A briefing note by her private secretary for foreign affairs concluded that the government intended to “impress Hua with Britain as a stable and prosperous society and as a source of top level industry, agriculture, energy and defence equipment and technology.”
It is ironic that 40 years later, the UK is ready to rely on a Chinese network equipment provider because it does not have a Huawei of its own. In a lengthy article, Britain’s Guardian newspaper lamented (not for the first time) the loss of a domestic manufacturing base.
Some UK netizens agreed. The most liked comment on the Guardian article argued that Britain’s “economic plan for the last 25 years has been to sell everything we own ourselves so we can buy other people’s stuff. Eventually, you run out of things to sell and end up poor.”
Signs that the UK might yet capitulate to US pressure, were also evident on Wednesday. Foreign Secretary Jeremy Hunt told reporters that the UK had not made a final decision about Huawei and would never compromise its ability to share information with the US.

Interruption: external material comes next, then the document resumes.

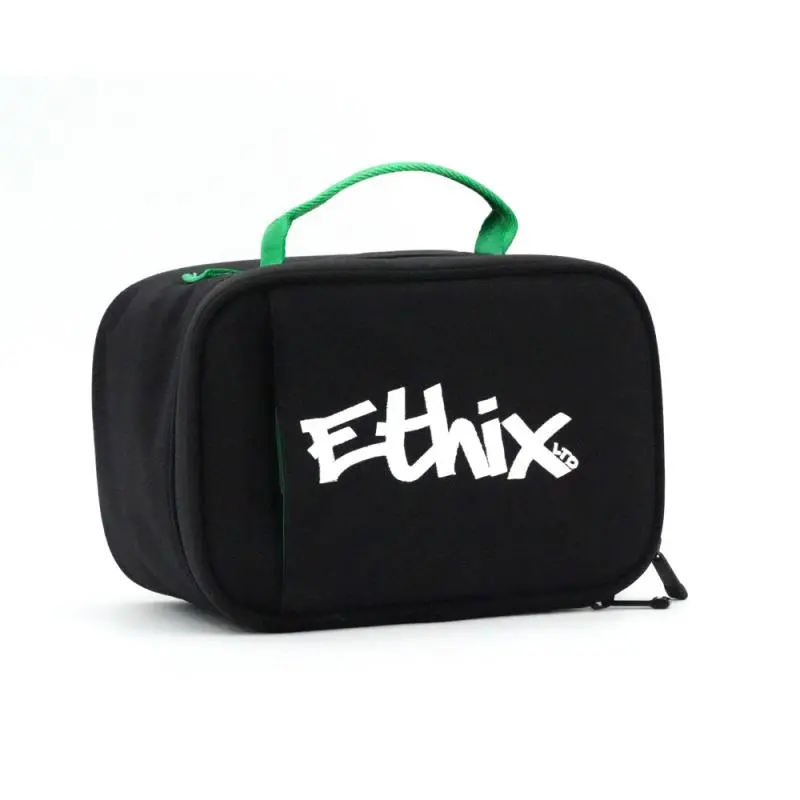 Ethix Heated Deluxe Lipo Bag V2 1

Hunt’s comment hints that the UK may end up toeing the line with other members of the ‘Five Eyes’ intelligence alliance. Of the five only Canada is also yet to make a final decision about Huawei’s 5G access and also just as importantly the fate of the Chinese firm’s CFO, Meng Wanzhou. She spent Wednesday at a Canadian court seeking a stay on extradition to the US. Her legal fight could takes years. The next court date for Meng was set for September 23.